Scraped caption text data:
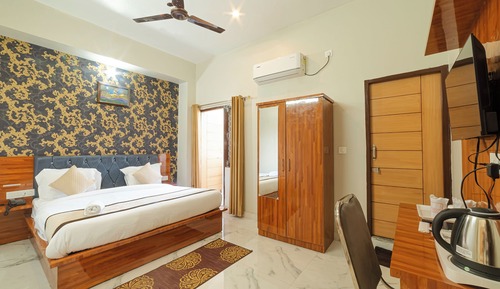 Deluxe Room, 1 King Bed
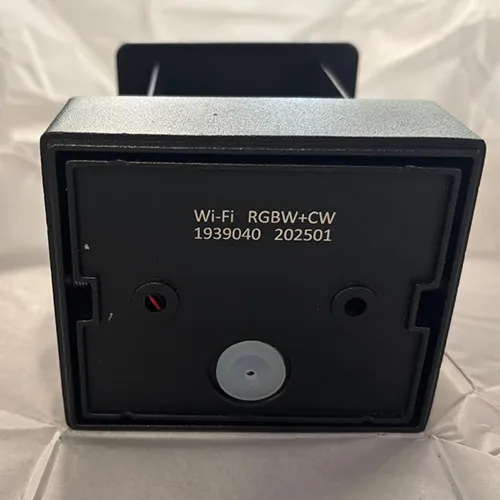 QUBE DESIGN - Wall lamp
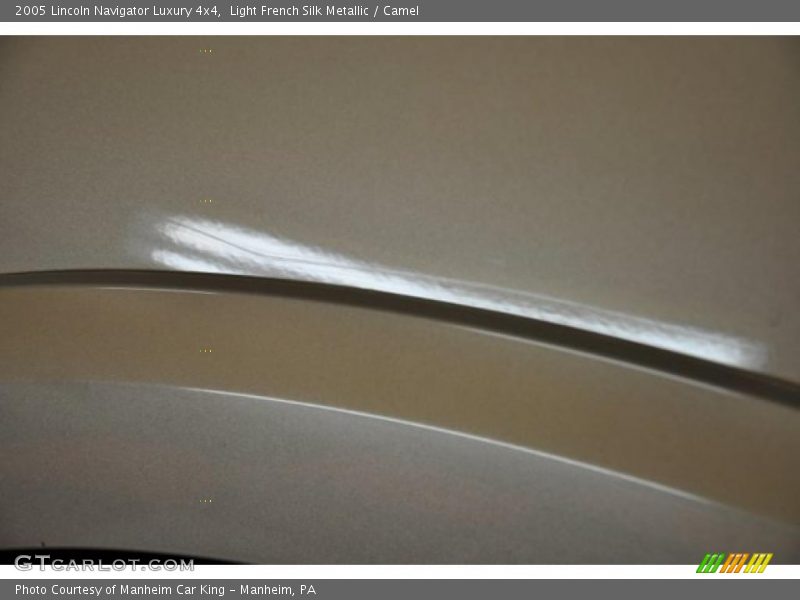 Light French Silk Metallic / Camel 2005 Lincoln Navigator Luxury 4x4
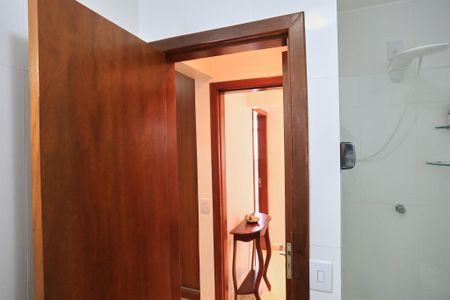 Apartamento para alugar com 100m², 3 quartos e sem vaga Apartamento para alugar com 100m², 3 quartos e sem vagaBanheiro da Suíte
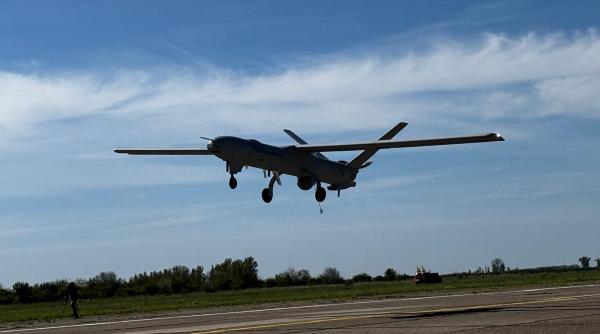 Dronele Watchkeeper, testate pentru prima dată în România. Elbit a deschis luni fabrica de lângă București, după tensiuni cu MApN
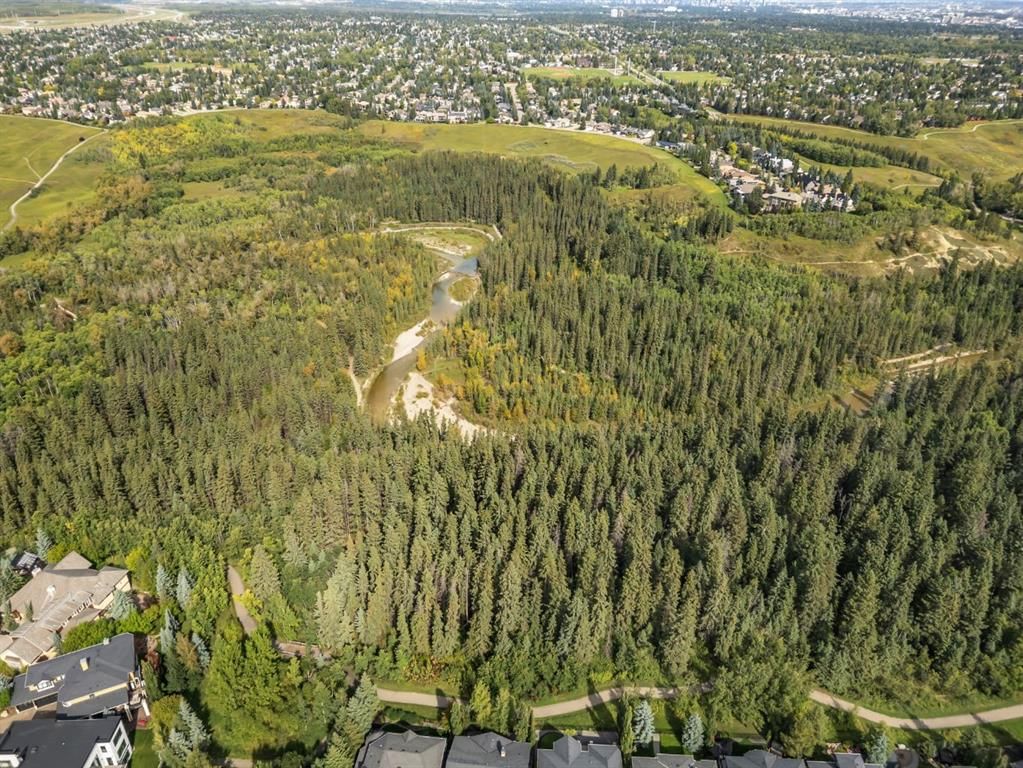 41 Evercreek Bluffs Crescent SW, Calgary — photo 4 of 49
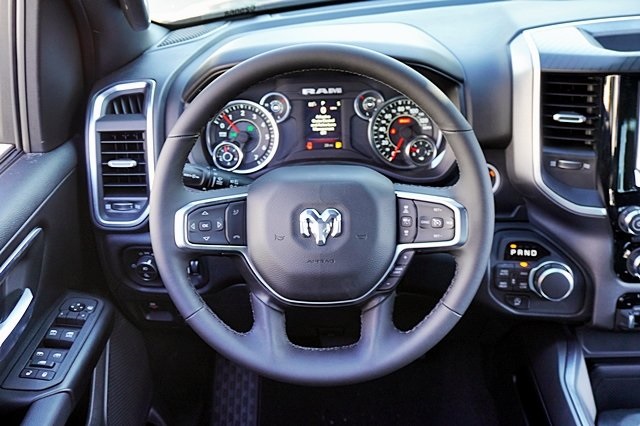 New 2025 Diamond Black Crystal Pearl-Coat Exterior Paint RAM Big Horn/Lone Star image 25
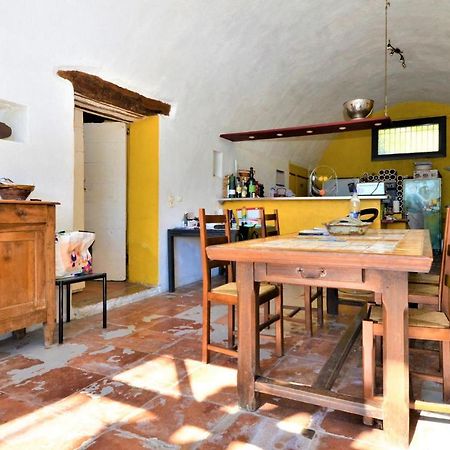 Stunning Home In St-Hippolyte-Du-Fort With Wifi แซงต์อิปปัวลิตดูฟอร์ ภายนอก รูปภาพ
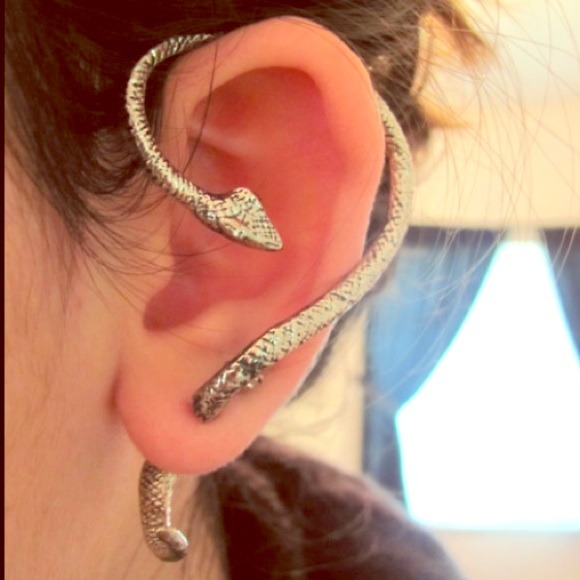 Snake cuff earring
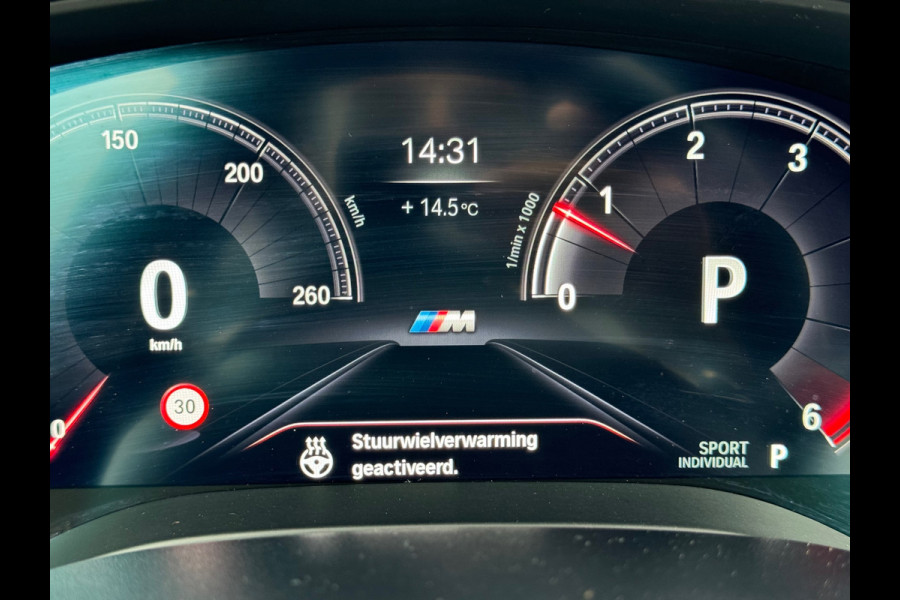 BMW 5 Serie Touring 530d xDrive High Executive| M-SPORT| ELEK. PANO| ELEK. STOELEN| STUURVERWARMING| CAMERA| BOMVOL!!|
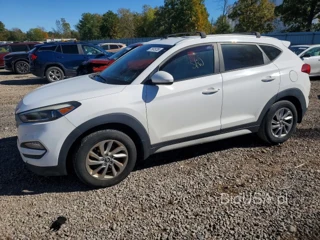 HYUNDAI TUCSON SE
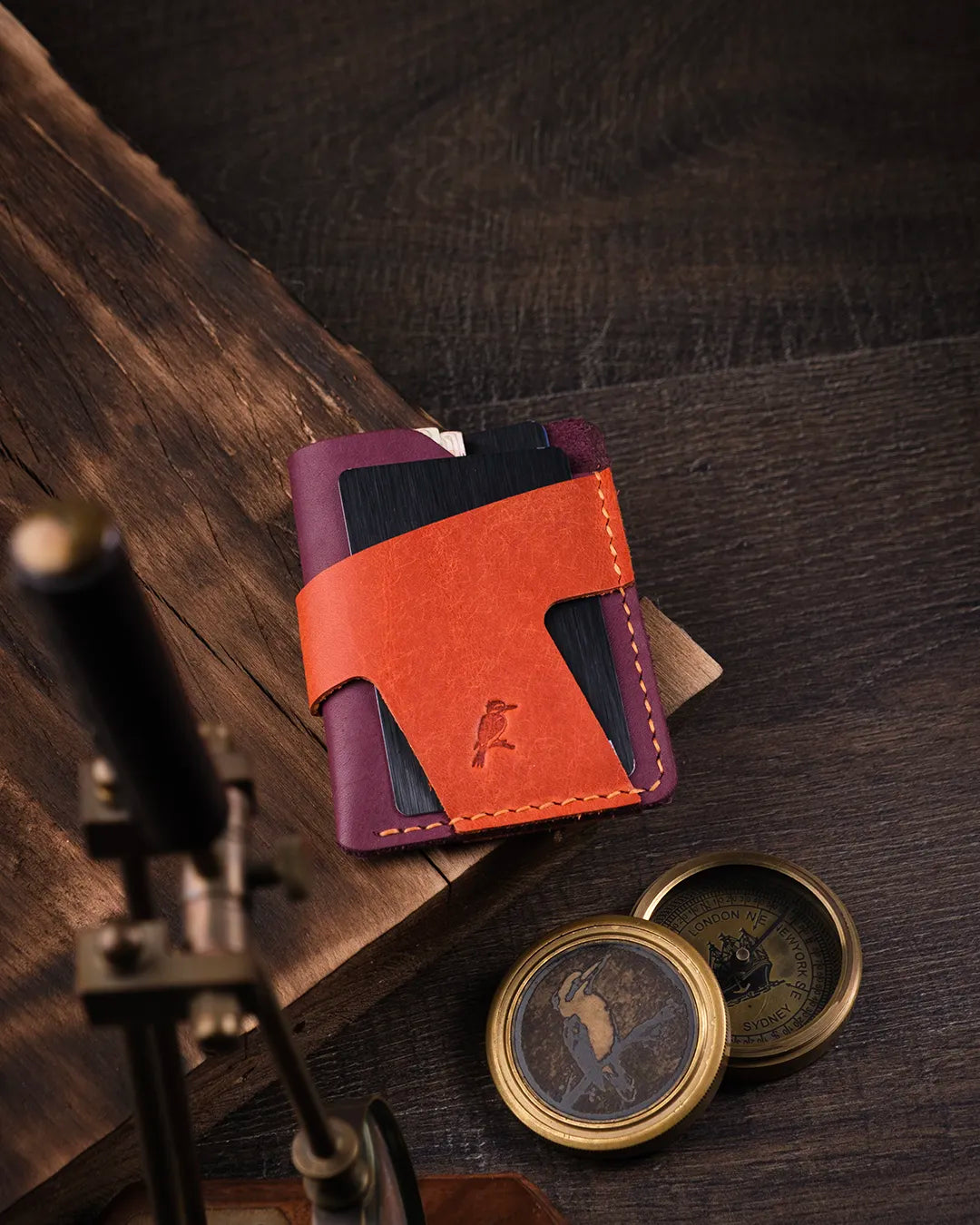 Üst açıdan kart slotunda kart bulunan kompakt pueblo deri kartlığın fonksiyonel tasarımı, Kooka Leather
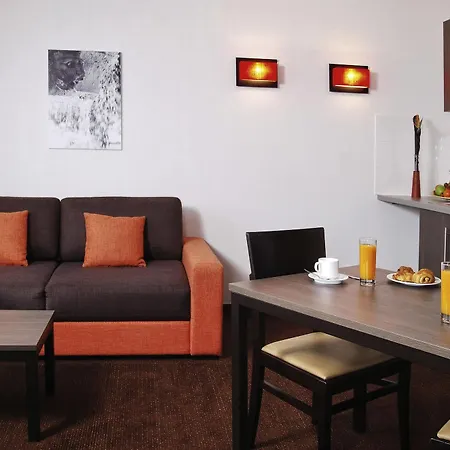 Comfort Centre Aparthotel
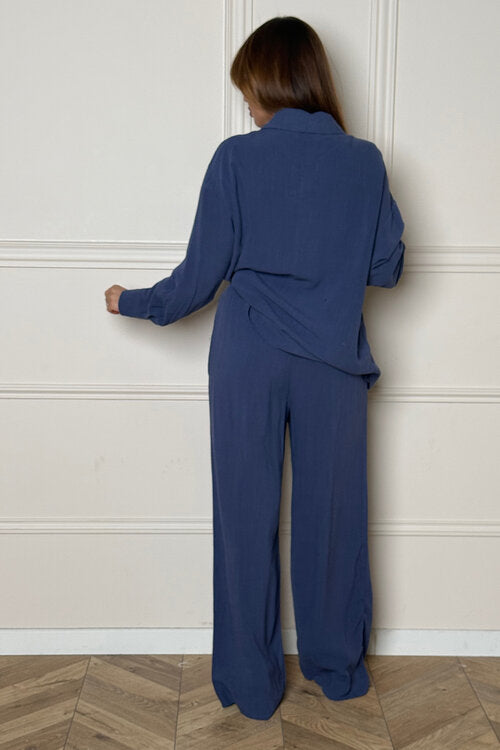 Vue arrière chemise ample lin, coupe fluide élégante, style décontracté BLOOSHOP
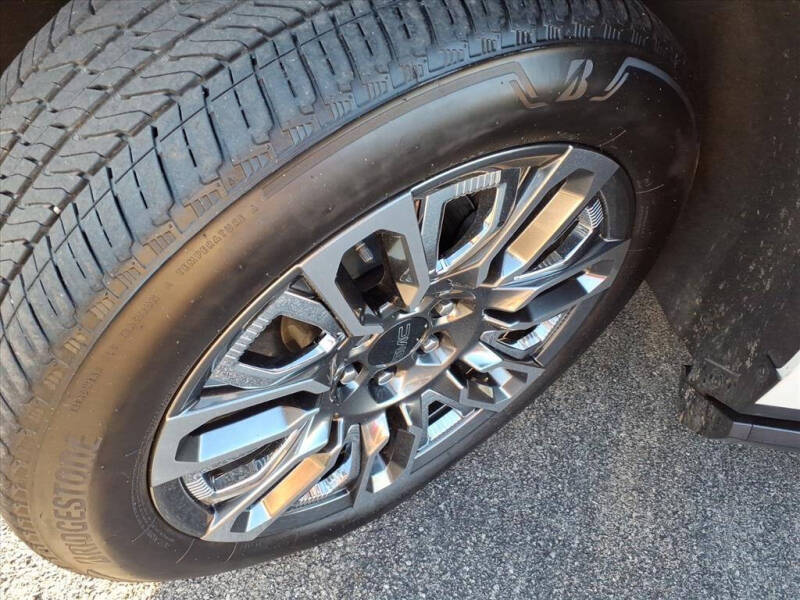 2024 GMC Yukon Denali Ultimate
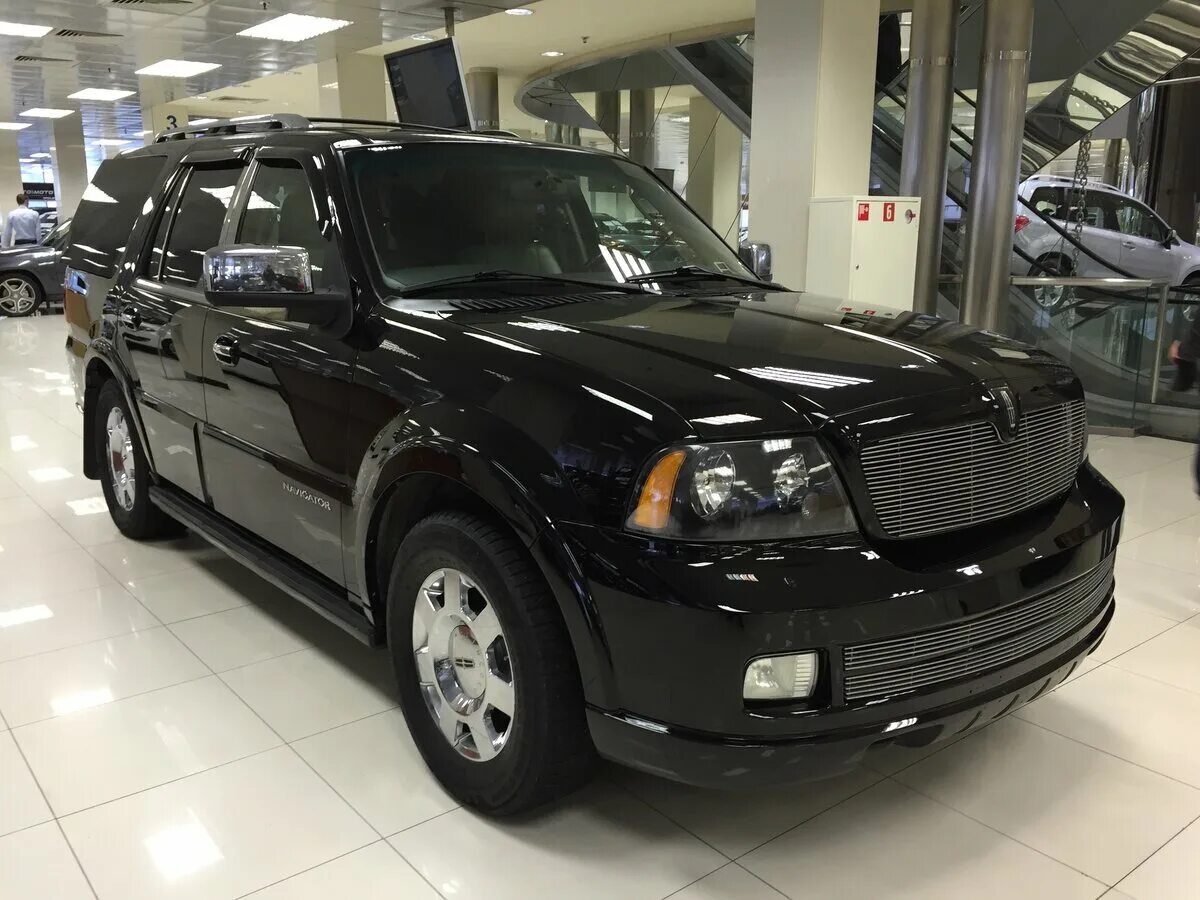 Lincoln navigator 2 2005. Navigator 2005. Navigator 2005. Linkoln navigator 1994. Линкольн джип 2005.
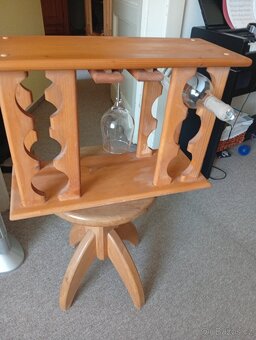 Dřevěný stojan na víno - 2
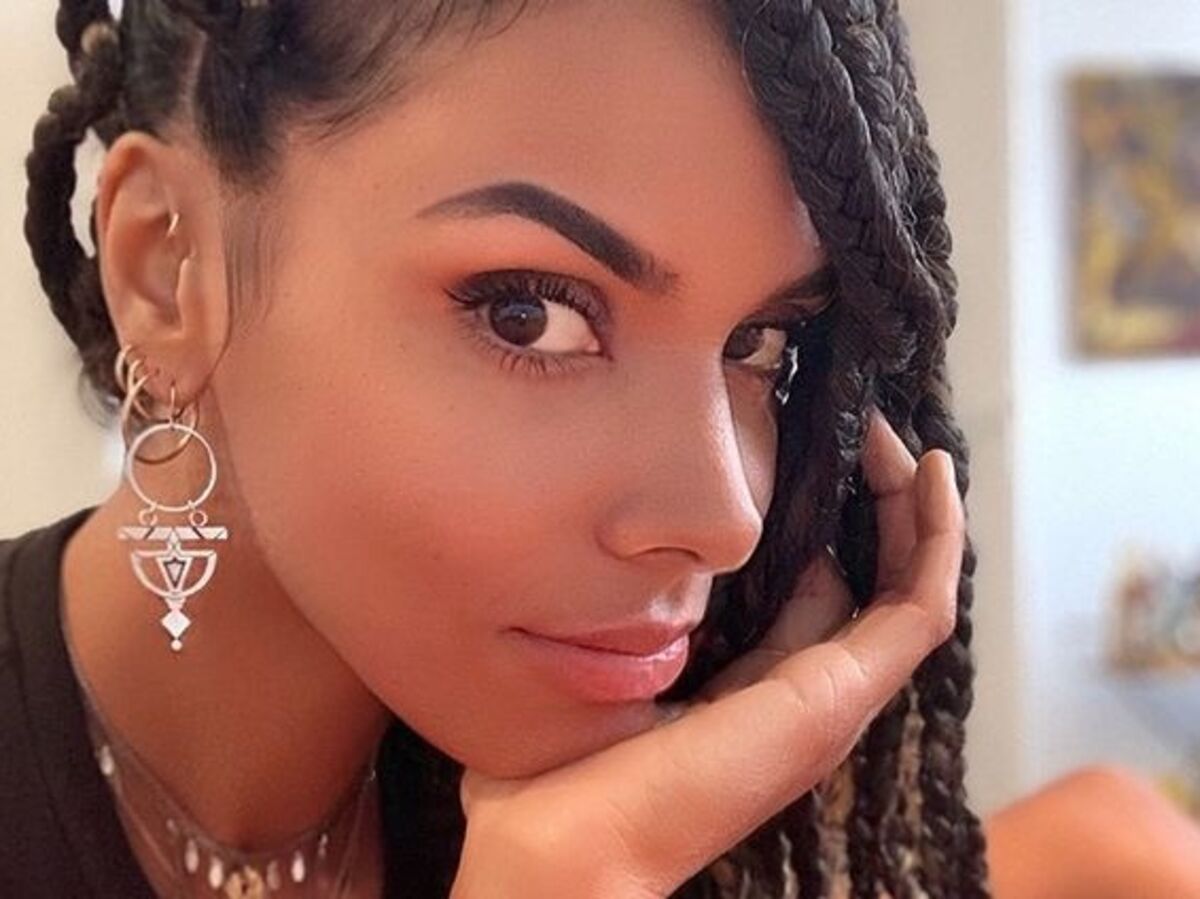 Shy'm : la future maman pose nue en attendant son accouchement (PHOTO)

> TASK ITEM: Reproduce exactly the lines of the data above that run from the line with "Dronele Watchkeeper, testate" down to the line with "HYUNDAI TUCSON SE", both ends included. Pictures do not belong in the copy.

> RESULT BELOW:
 Dronele Watchkeeper, testate pentru prima dată în România. Elbit a deschis luni fabrica de lângă București, după tensiuni cu MApN
 41 Evercreek Bluffs Crescent SW, Calgary — photo 4 of 49
 New 2025 Diamond Black Crystal Pearl-Coat Exterior Paint RAM Big Horn/Lone Star image 25
 Stunning Home In St-Hippolyte-Du-Fort With Wifi แซงต์อิปปัวลิตดูฟอร์ ภายนอก รูปภาพ
 Snake cuff earring
 BMW 5 Serie Touring 530d xDrive High Executive| M-SPORT| ELEK. PANO| ELEK. STOELEN| STUURVERWARMING| CAMERA| BOMVOL!!|
 HYUNDAI TUCSON SE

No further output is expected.